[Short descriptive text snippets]
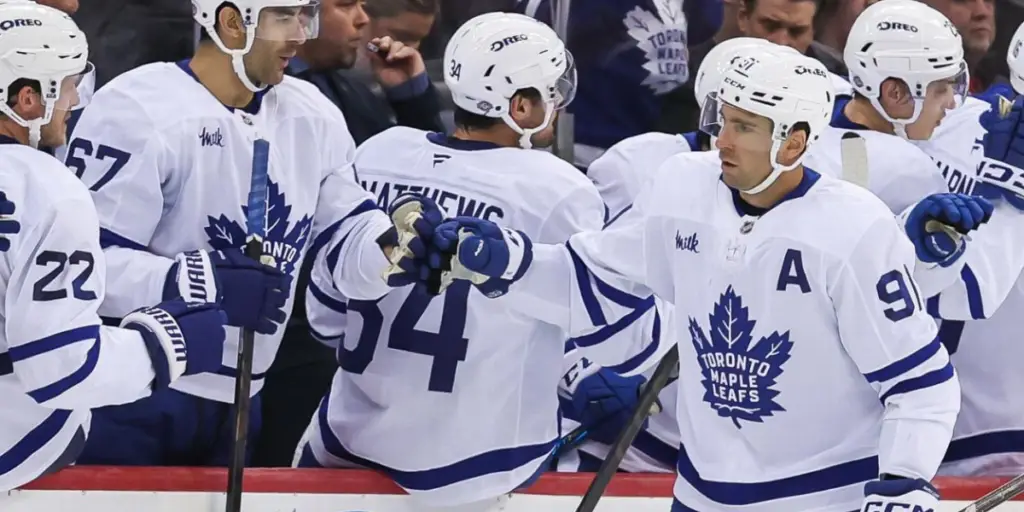 NHL Game Preview Toronto Maple Leafs At Dallas Stars With Line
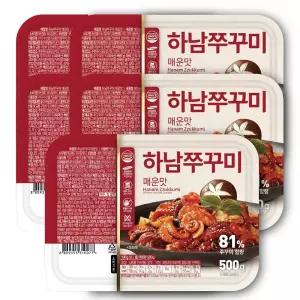 하남쭈꾸미 매운맛, 500g, 5개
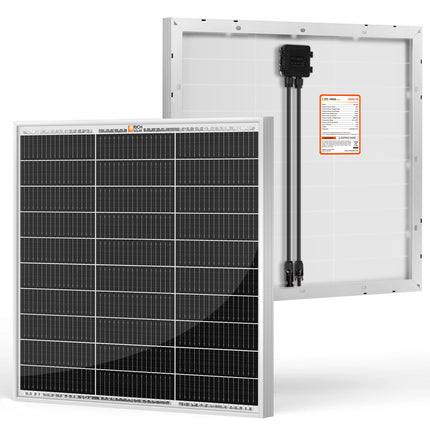 RICH SOLAR | 50 Watt 12V Compact Off-Grid Solar Panel for Boats, Vans, Trailers | 25-Year Output Warranty | UL Certified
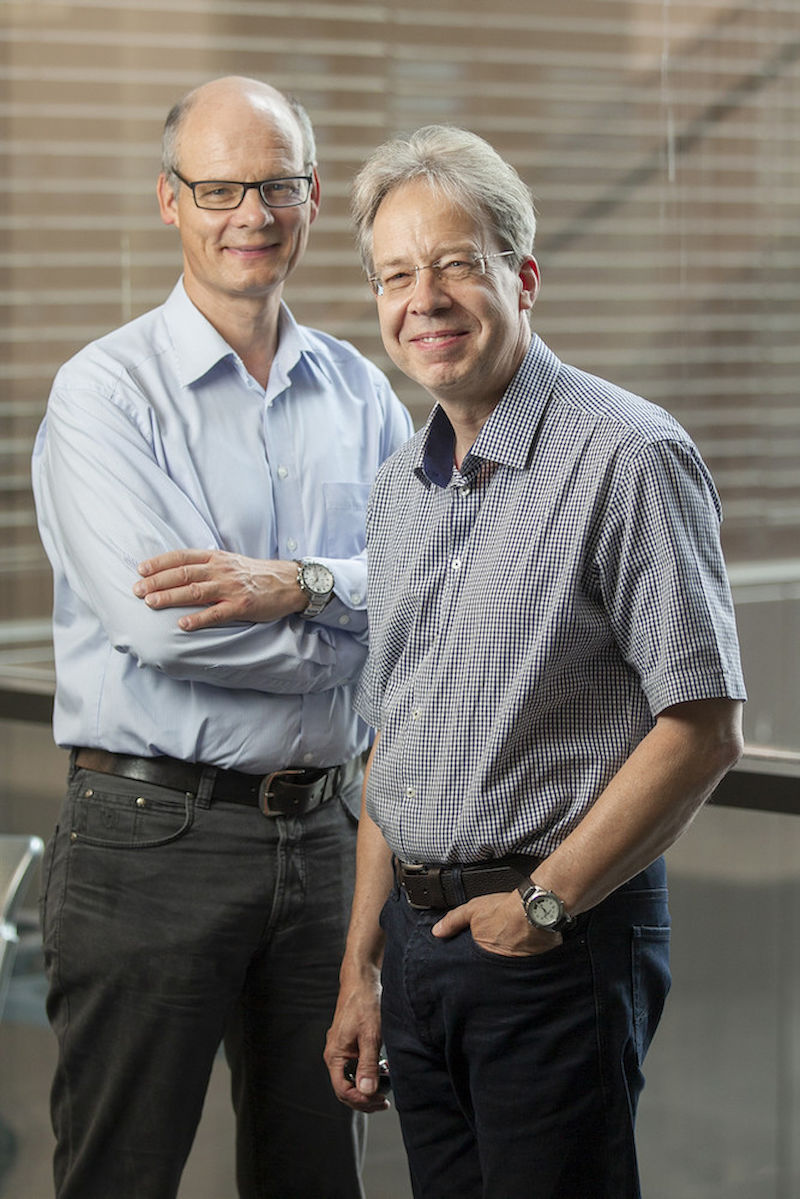 Dr Hanjo Hennemann (left) and Professor Sven-Erik Behrens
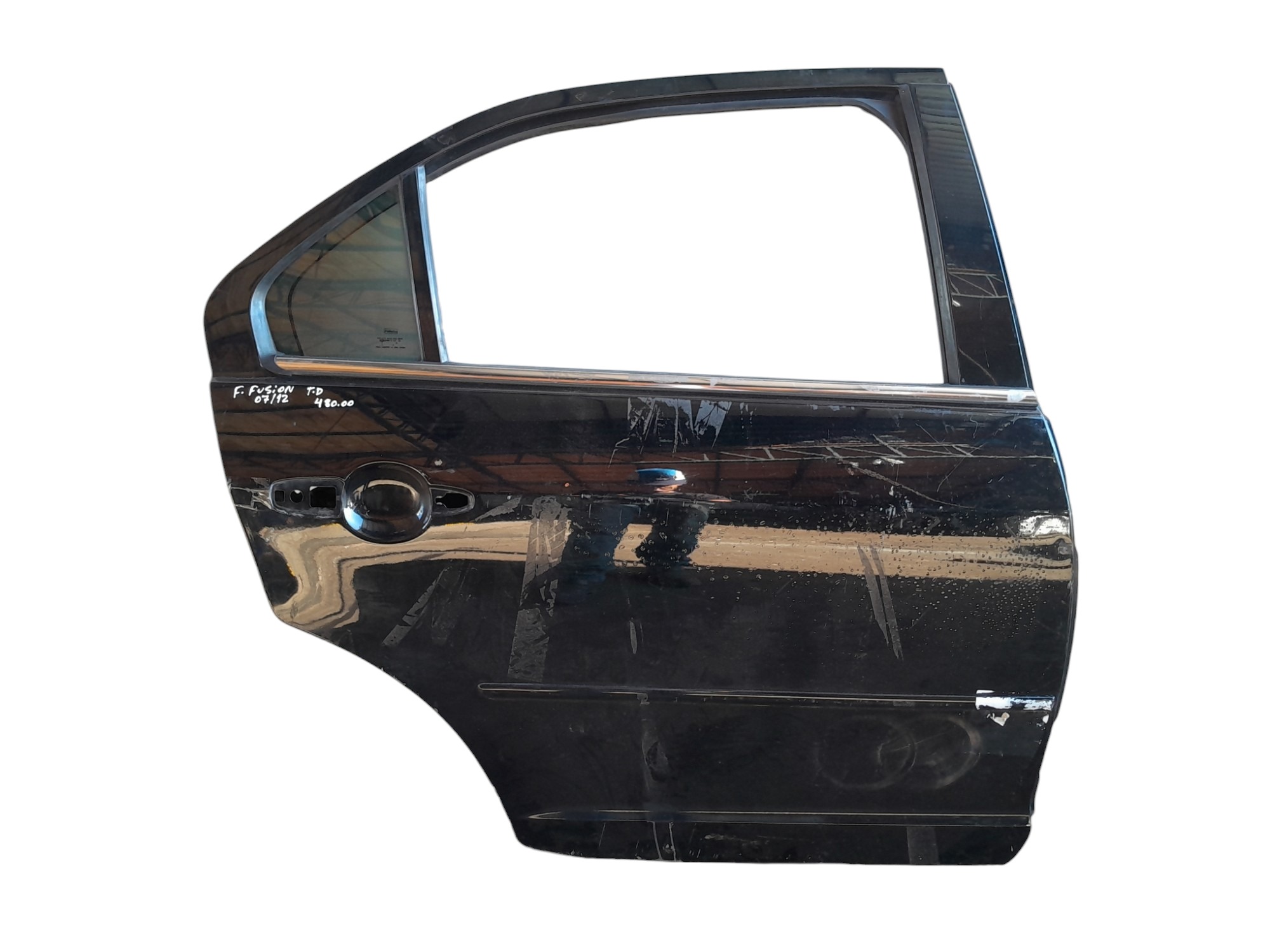 Porta Traseira Direita Ford Fusion 2007 A 2012 Traseira Direito Preto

> **The problem**
Set down exactly, and only, the lines from the one holding "Dr Hanjo Hennemann" to the end of the records above, leaving every picture out.

> **The completed task**
 Dr Hanjo Hennemann (left) and Professor Sven-Erik Behrens
 Porta Traseira Direita Ford Fusion 2007 A 2012 Traseira Direito Preto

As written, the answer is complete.